> Materials provided:
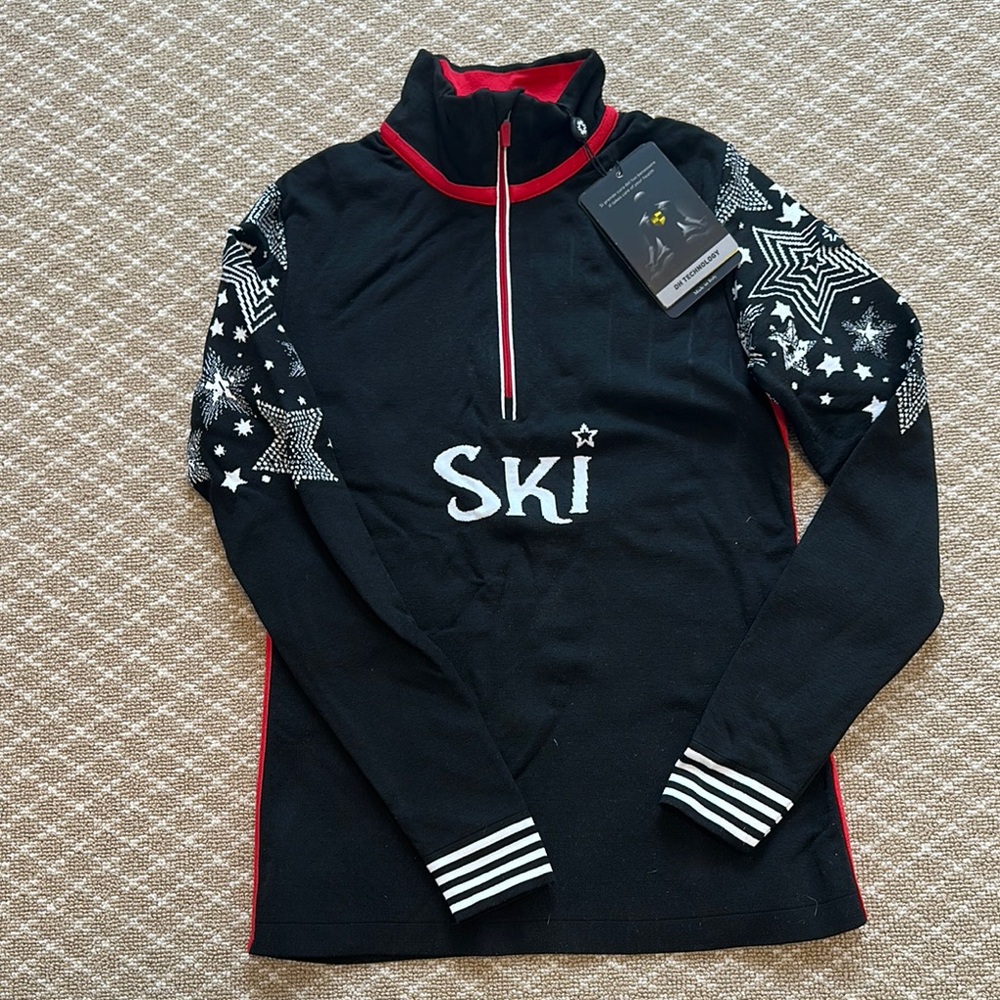 Newland Black Star Patterned Women's Half Zip Base Layer. NWT
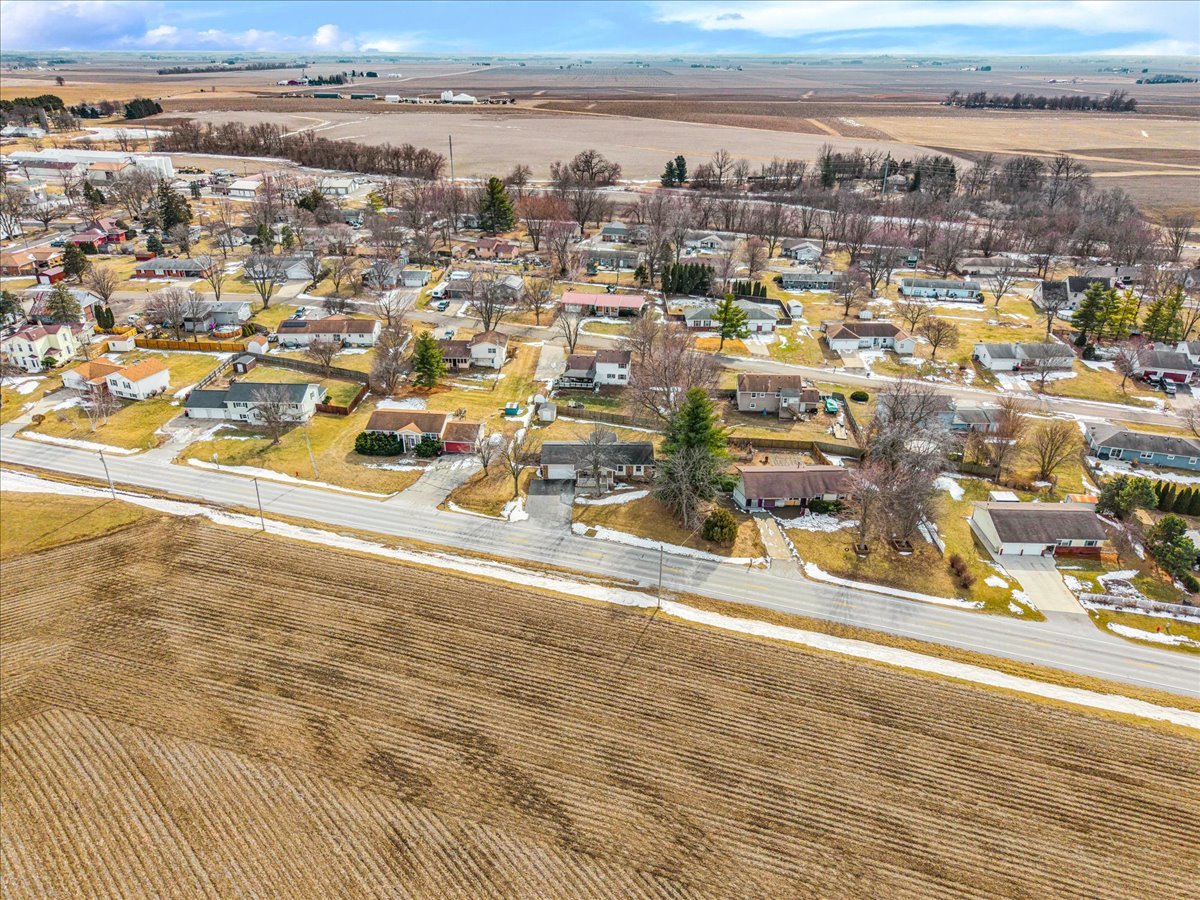 505 West North Street Danvers, IL 61732 - Photo 42 of 45 wooden view of a city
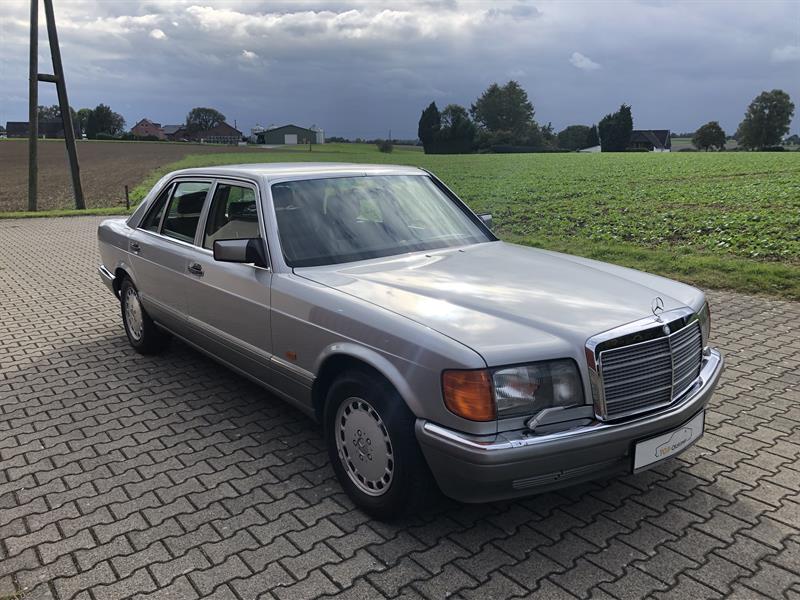 Mercedes 560SEL Traumkombination Kühlschrank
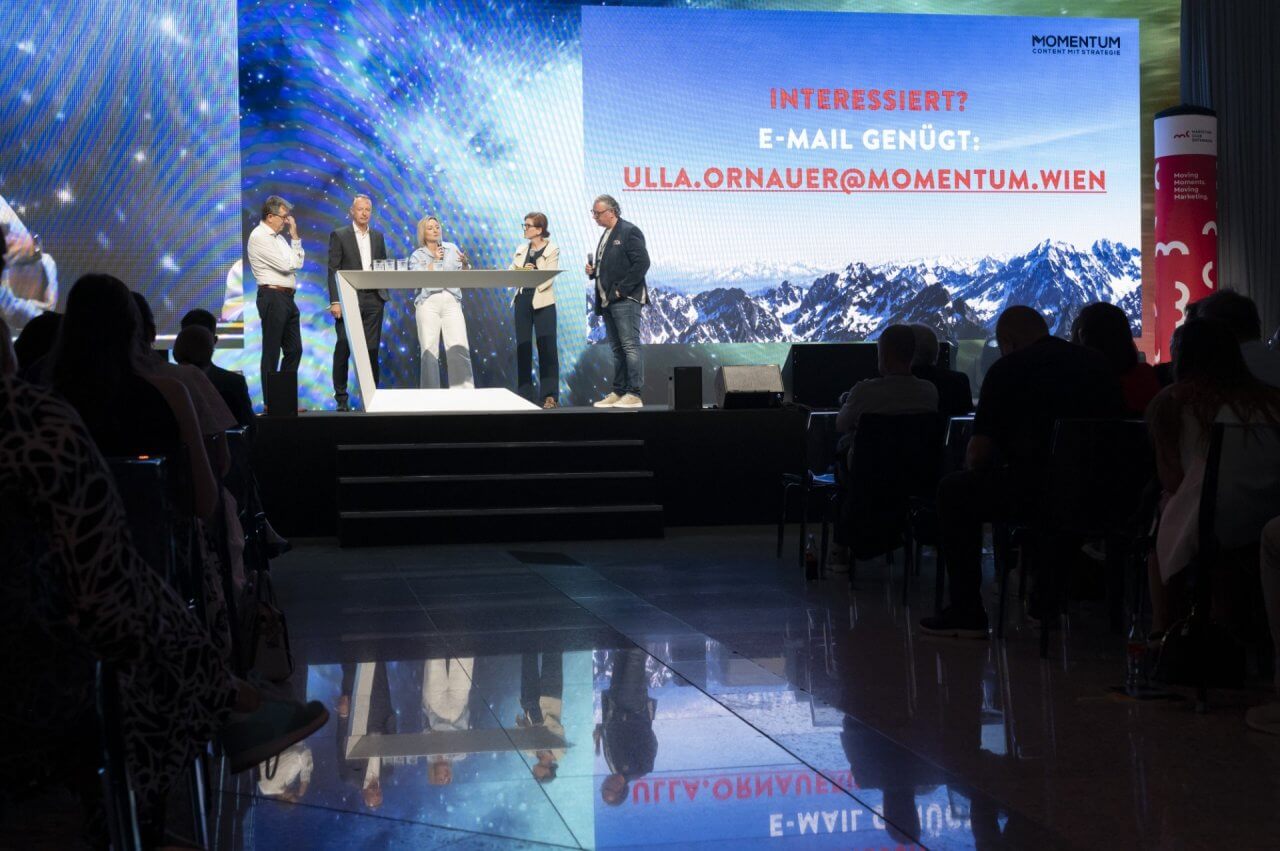 Über künftige Entwicklungen der Werbeausgaben in Österreich bis zum Jahr 2030 diskutierte am Marketingtag am 8. Juni in Wien ein Podium mit Unternehmensberater Wolfgang Frick, Josef Almer (ÖBB-Werbung), Verena Kehr (Mediaplus) und Katharina Peyker (Skidata) unter der Moderation von Maximilian Mondel (MOMENTUM Wien)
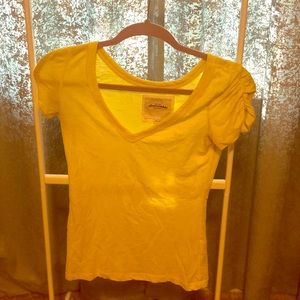Yellow Abercrombie tee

> About this task: Copy exactly the lines from the one containing "Mercedes 560SEL Traumkombination Kühlschrank" through the last line of the records above, including both, and omit every picture.

> Task solution:
 Mercedes 560SEL Traumkombination Kühlschrank
 Über künftige Entwicklungen der Werbeausgaben in Österreich bis zum Jahr 2030 diskutierte am Marketingtag am 8. Juni in Wien ein Podium mit Unternehmensberater Wolfgang Frick, Josef Almer (ÖBB-Werbung), Verena Kehr (Mediaplus) und Katharina Peyker (Skidata) unter der Moderation von Maximilian Mondel (MOMENTUM Wien)
Yellow Abercrombie tee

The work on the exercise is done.